To install the SDK run the following command:

 pip install --upgrade zephflow

Then create the following script—name it vpc_ocsf_transformer.py:

import zephflow
zephflow.ZephFlow.execute_dag("vpc-ocsf.yml")

This will execute the YAML workflow—make sure it exists in the same directory as the Python script. Then run it using:

python3 vpc_ocsf_transformer.py

You may see an error about EC2 instance metadata; you can ignore that. Then you should see the Kinesis consumer library ramping up and lots of output. Kinesis takes a moment, and if this is the first time, it will create a DynamoDB table. Waiting for the table to become active and all the things the AWS KCL library needs will take a while.
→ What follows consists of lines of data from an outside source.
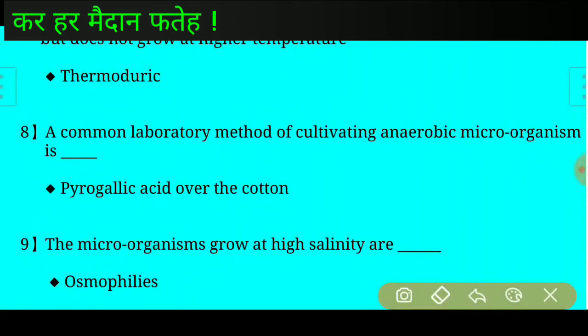Question number eight: A common laboratory method of cultivating anaerobic microorganisms is? Answer: Pyrogallic acid over cotton.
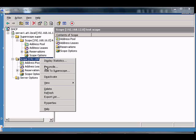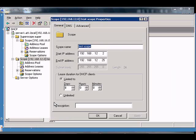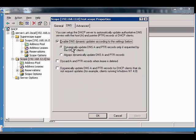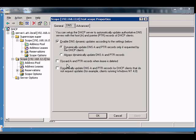In Windows 2003 DHCP Manager, if you'd like to have your records discarded for the forward lookup when a lease is up on a computer, just go ahead and go to the properties of the scope, then go to the DNS tab.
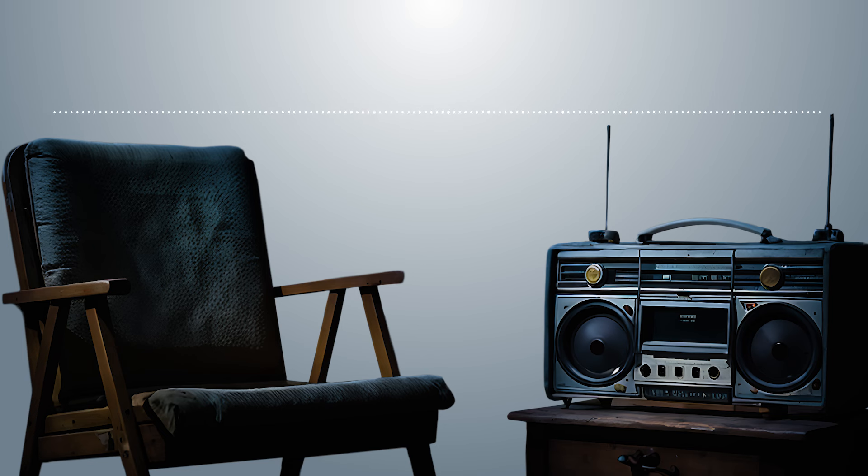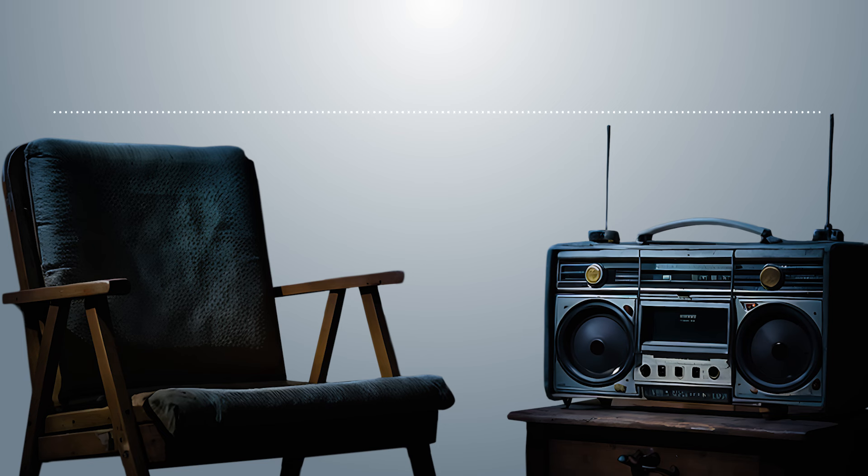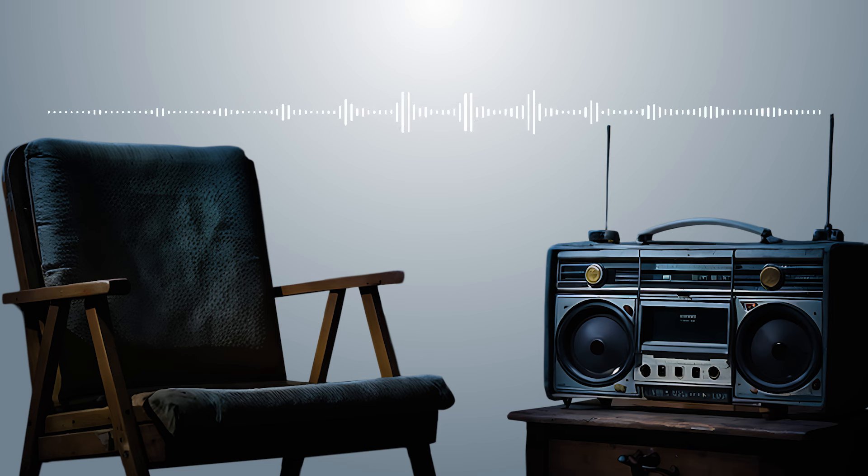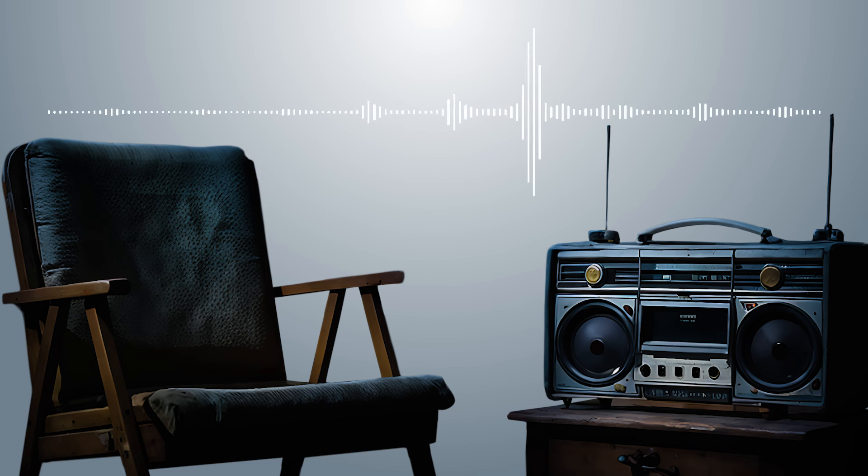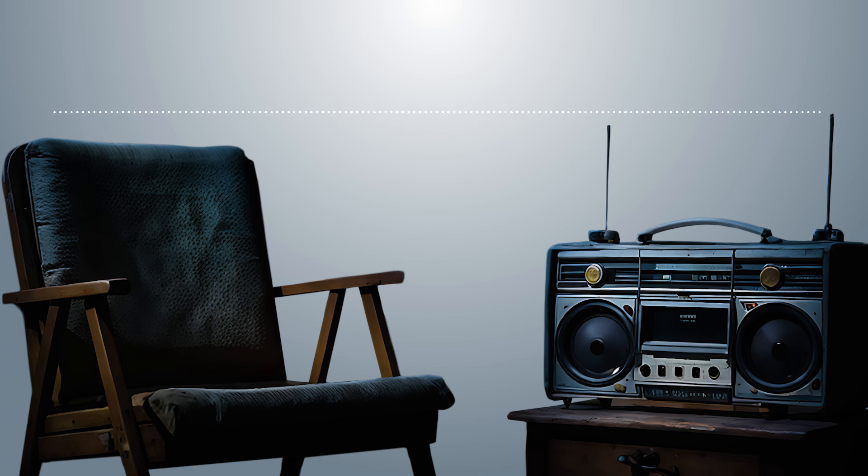That night, I heard Mark come home really late. He was making a lot of noise, slamming doors and stuff. I was half asleep, but I swear I heard him talking to someone. The weird thing was, I never heard anyone else respond.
Once the resources are created, you should see either error messages or your transformation output.

Nothing is ever easy, and reading from data pipelines can take time. Be patient and ask your AWS administrator—or a friend if you're the admin—for help. Once your workflow is running and you can see the data being read and processed, you’re ready to move on to the second part of this series. But first, let’s look back at what we achieved.

Recap and What's Next

In this post, we’ve explored how to use the Fleak OCSF Mapping app to create mappings. The app helps with identifying the correct OCSF class type, setting up parsing logic, and creating mappings from our source log into OCSF. Almost all of the mappings can be used as is, and there were a few places where we had to add more logic. But all in all, you can create an OCSF mapping in a matter of minutes. Imagine if you had to do this by hand…

Once we had our mapping, we walked through the steps of running it using Docker. Then we dived into the main theme of this blog: reading VPC logs. It’s not just enough to map the logs; you also have to read them from somewhere. So we looked at how to get VPC logs into Kinesis and then how to run our Zephflow workflow to read from Kinesis and output to stdout.

In the next part, we’ll explore how to set up a destination that receives our mappings and writes the OCSF data into S3 as Parquet files. This will prepare the data for the final step: enabling powerful, real-time observability and analytics with Cardinal.